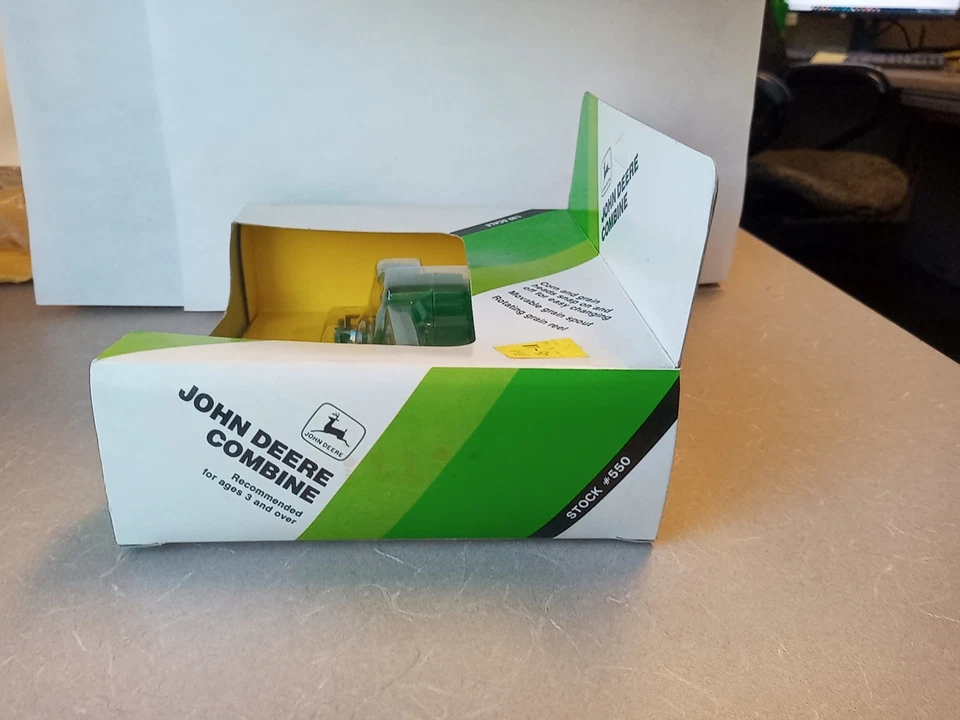 Ertl John Deere Titan II Combine 1/80 scale New Green Roof - Image 4 of 4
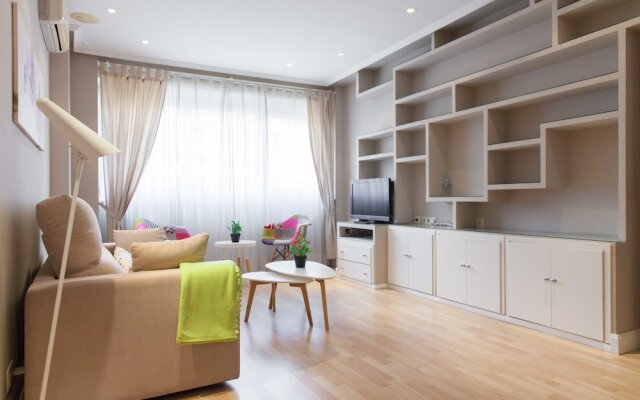 Offer Luxury Apartment Madrid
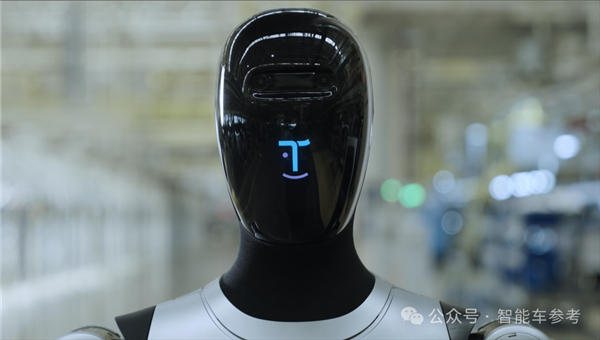 全球首个!机器人学会给自己换电池:终于能7×24小时工作了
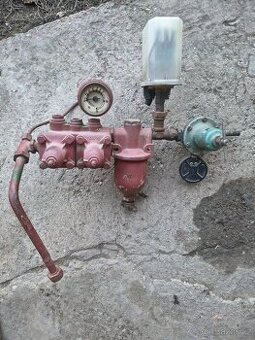 barometr / vyrovnávač tlaku / odlučovač oleje / tlakový spín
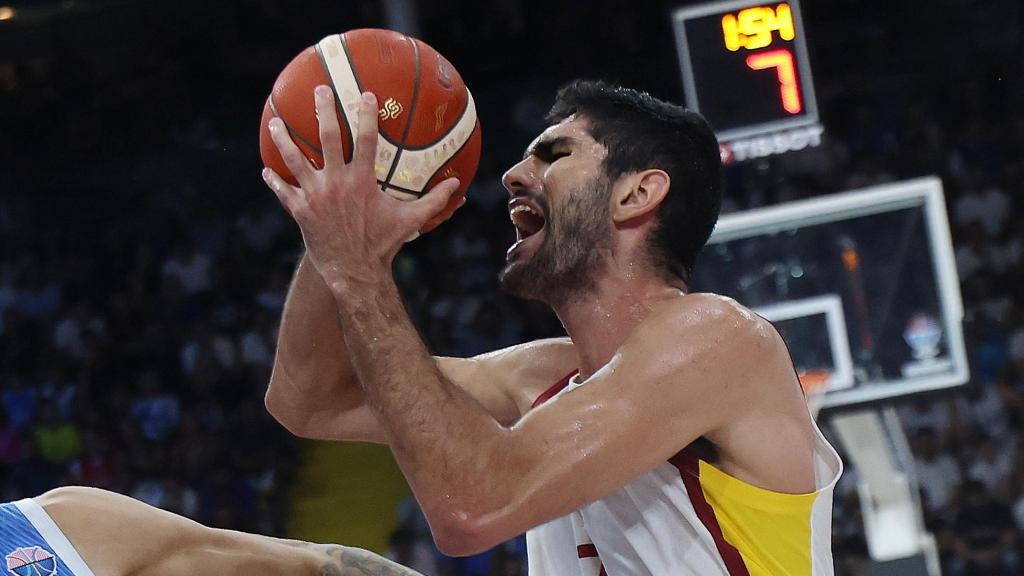 Santi Aldama penetra a canasta en el duelo entre España y Grecia de este jueves.
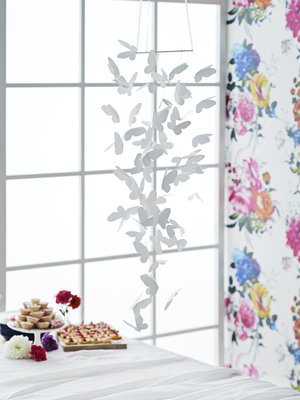 Hulluna perhosiin! Herkkä perhoskoriste on yhtä upea juhlapöydän yllä kuin perheen pienimmän sängyn päällä pyörimässä. Perhoset lentävät somasti ilmavirrassa.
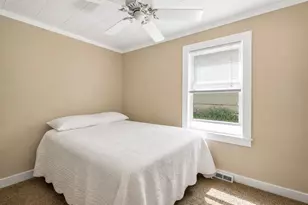 105 Edgewood Ave, Crystal Lake, IL 60014 - Photo 8
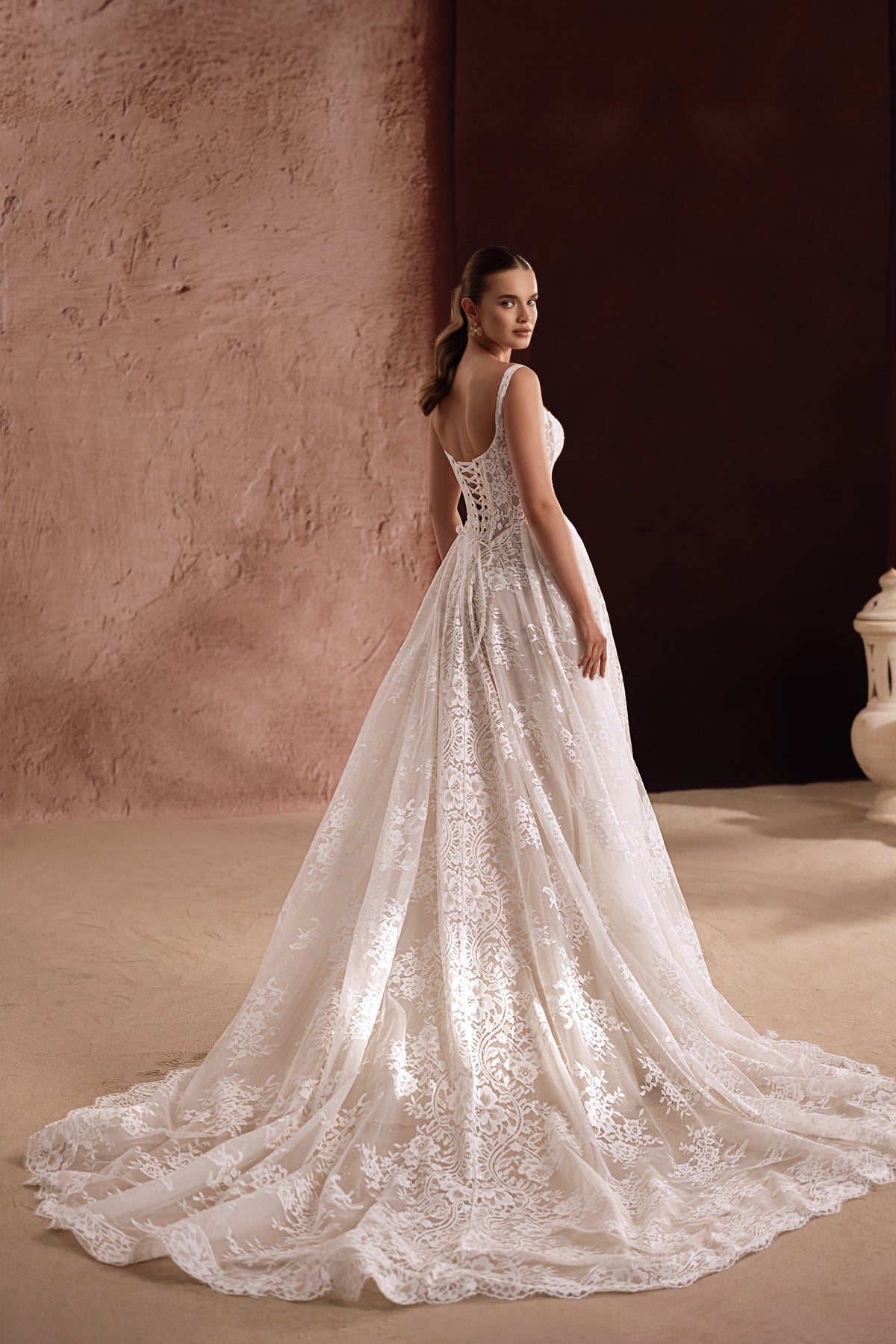 Brautkleid Becco mit Spitzenoberteil und weitem Rock in ganzer Silhouette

--

**PROBLEM STATEMENT:**
Every line from the one containing "Hulluna perhosiin! Herkkä perhoskoriste" through the last line of the records is to be reproduced exactly, with pictures left out and nothing else given.

**RESULT OF THIS EXERCISE:**
 Hulluna perhosiin! Herkkä perhoskoriste on yhtä upea juhlapöydän yllä kuin perheen pienimmän sängyn päällä pyörimässä. Perhoset lentävät somasti ilmavirrassa.
 105 Edgewood Ave, Crystal Lake, IL 60014 - Photo 8
 Brautkleid Becco mit Spitzenoberteil und weitem Rock in ganzer Silhouette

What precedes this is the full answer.